Without leaving out a single line, copy the records exactly.

Stored items:
####

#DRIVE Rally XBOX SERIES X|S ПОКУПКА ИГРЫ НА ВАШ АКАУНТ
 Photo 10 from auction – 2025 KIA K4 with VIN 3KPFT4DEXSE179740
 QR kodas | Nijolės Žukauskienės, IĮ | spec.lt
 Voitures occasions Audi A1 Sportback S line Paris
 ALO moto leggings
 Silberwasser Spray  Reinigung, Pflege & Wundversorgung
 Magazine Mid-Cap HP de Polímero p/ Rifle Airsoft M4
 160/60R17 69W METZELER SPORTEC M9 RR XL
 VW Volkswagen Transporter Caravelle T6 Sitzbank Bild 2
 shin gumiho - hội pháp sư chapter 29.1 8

####

→ EXERCISE ANSWER:
#DRIVE Rally XBOX SERIES X|S ПОКУПКА ИГРЫ НА ВАШ АКАУНТ
 Photo 10 from auction – 2025 KIA K4 with VIN 3KPFT4DEXSE179740
 QR kodas | Nijolės Žukauskienės, IĮ | spec.lt
 Voitures occasions Audi A1 Sportback S line Paris
 ALO moto leggings
 Silberwasser Spray  Reinigung, Pflege & Wundversorgung
 Magazine Mid-Cap HP de Polímero p/ Rifle Airsoft M4
 160/60R17 69W METZELER SPORTEC M9 RR XL
 VW Volkswagen Transporter Caravelle T6 Sitzbank Bild 2
 shin gumiho - hội pháp sư chapter 29.1 8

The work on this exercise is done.